## Given data
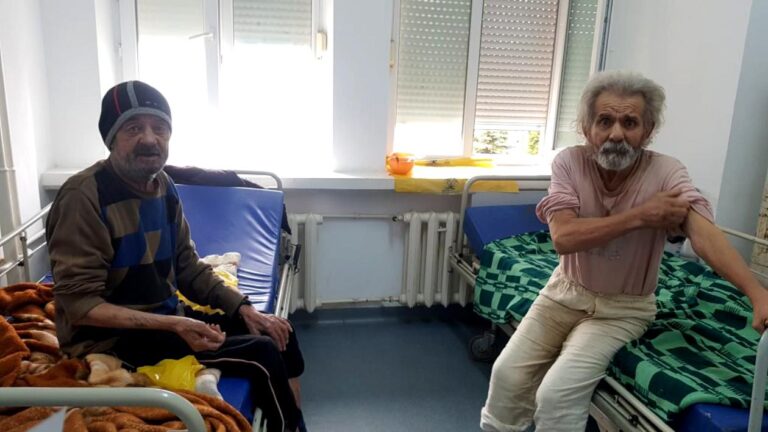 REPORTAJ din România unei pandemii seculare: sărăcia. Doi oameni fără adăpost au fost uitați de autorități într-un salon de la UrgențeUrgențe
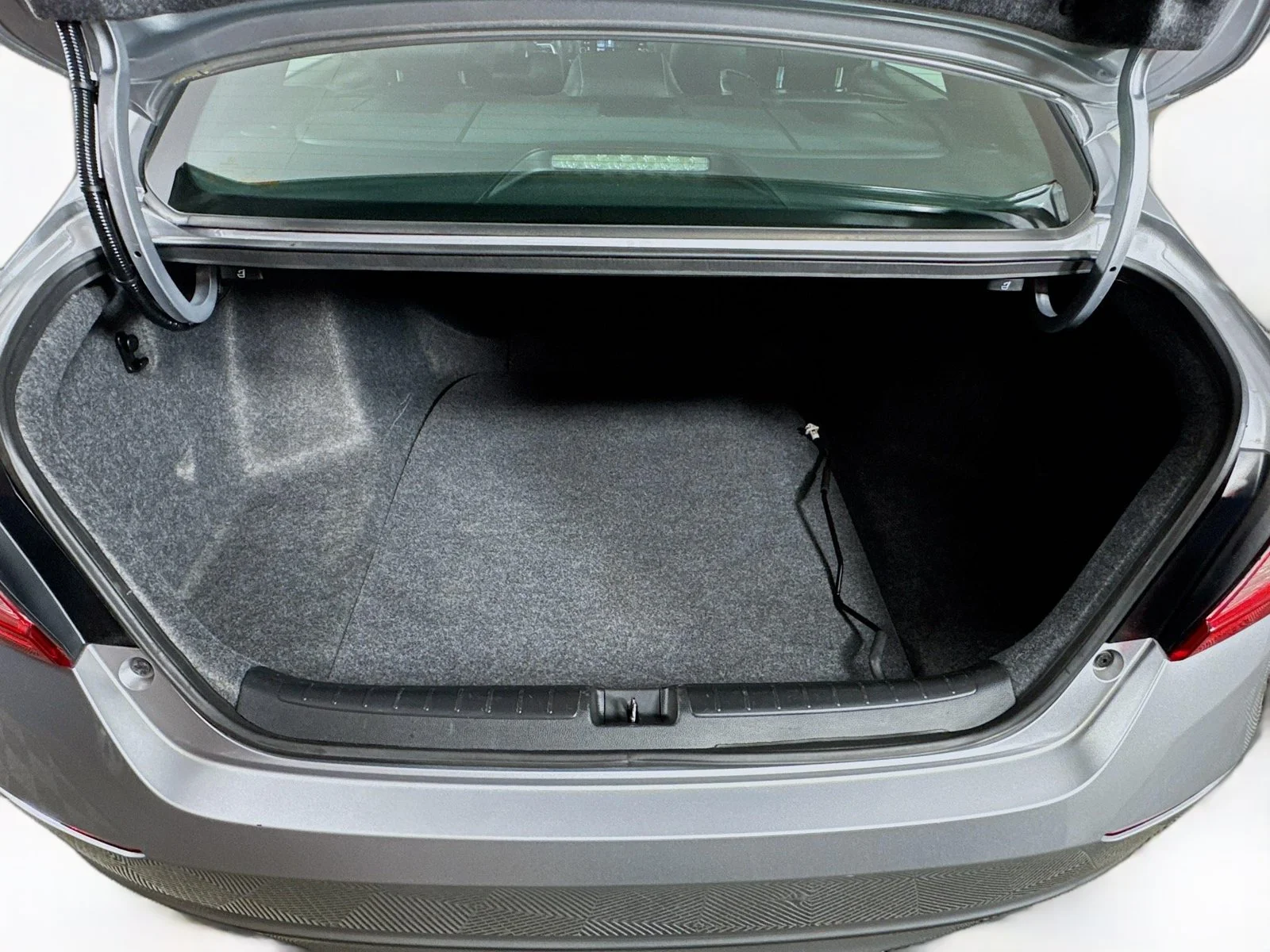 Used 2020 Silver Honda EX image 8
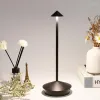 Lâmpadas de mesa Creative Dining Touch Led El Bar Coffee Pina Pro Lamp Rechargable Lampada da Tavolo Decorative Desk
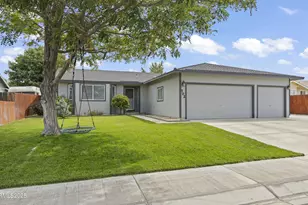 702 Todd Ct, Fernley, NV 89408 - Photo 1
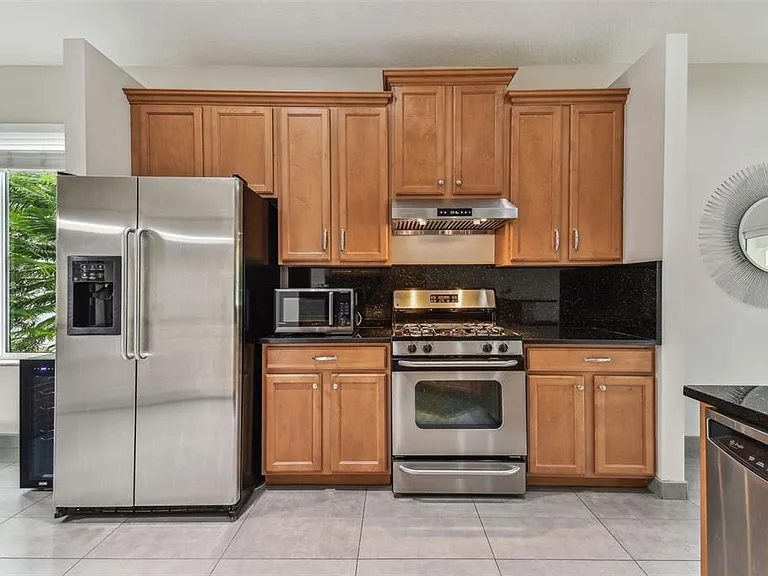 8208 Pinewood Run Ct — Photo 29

## Task directions
Retype each entry exactly. No pictures.

## Answer below
 REPORTAJ din România unei pandemii seculare: sărăcia. Doi oameni fără adăpost au fost uitați de autorități într-un salon de la UrgențeUrgențe
 Used 2020 Silver Honda EX image 8
 Lâmpadas de mesa Creative Dining Touch Led El Bar Coffee Pina Pro Lamp Rechargable Lampada da Tavolo Decorative Desk
 702 Todd Ct, Fernley, NV 89408 - Photo 1
 8208 Pinewood Run Ct — Photo 29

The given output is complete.